Just about the busiest man in showbiz, Arctic Monkeys frontman Alex Turner is back with a brand spanking new album. Not content with winning every award under the sun last month, Turner has formed a new band with little-known indie mate Miles Kane, frontman for Scouse rockers The Rascals. They’re called The Last Shadow Puppets, the album’s out in April, and it’s set to be quite an event.
Turner and Kane got pally when the Monkeys toured with the latter’s old group, The Little Flames. Kane then added some extra guitar to the now gong-laden album ‘Favourite Worst Nightmare’, and the pair began cranking out songs. Turner in particular sounds rather enamoured with the collaborative process.
“The fact that we were writing together seems to make it stronger,” he says. “You’re not as exposed as you are if it’s just you on your own. I do like the partnership thing.”
Kane agrees: “It’s not a chore, it’s enjoyment. It’s great finding that with someone else, a dead good friend.”
The resulting record, ‘The Age Of The Understatement’, is culled from more esoteric influences than Turner’s usual output, notably David Bowie, enigmatic crooner Scott Walker and psychedelic Sixties producer David Axelrod. Simian Mobile Disco chap James Ford is still on board as producer though, after his sterling work on that last Monkeys LP, and also plays drums. Meanwhile they also drafted in the London Metropolitan Orchestra to add a bevy of strings, with casual acquaintance Owen Pallett of Final Fantasy conducting.
“He was a bit nervous – he’s young and hadn’t done something like this before – but that added to the record,” explains Turner. “I think the strings are terrific, they’ve really brought the songs to life.”
They had a more profound effect on Kane: “‘I walked into the studio when they were doing ‘Meeting Place’ – this little song you’ve written in your bedroom is being played by an orchestra!
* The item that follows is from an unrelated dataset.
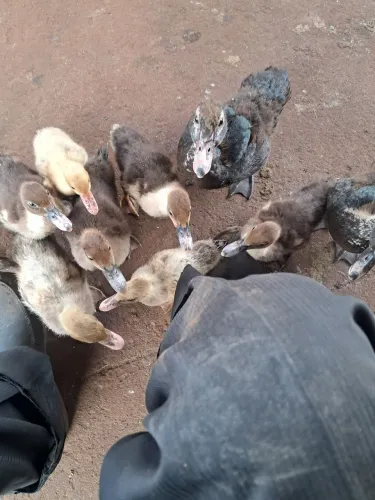 Vendo patos 20 patos por 150 reais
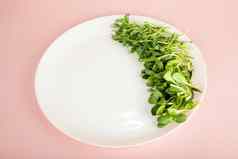 微绿色白色板microgreen向日葵种子健康的食物概念新鲜的花园产品种植有机象征健康维生素自然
I went cold.”
“It’s a dangerous game,” admits Turner, “we could have almost ruined it if it all got too lush.”
Instead, their debut single – album title track ‘The Age Of The Understatement’ – is overblown in all the right ways; a gloriously rollicking Morricone pastiche, replete with drums like thundering hooves and an expensive looking video involving lots of eastern European tanks. They may be a side project, but The Last Shadow Puppets are clearly a serious proposition.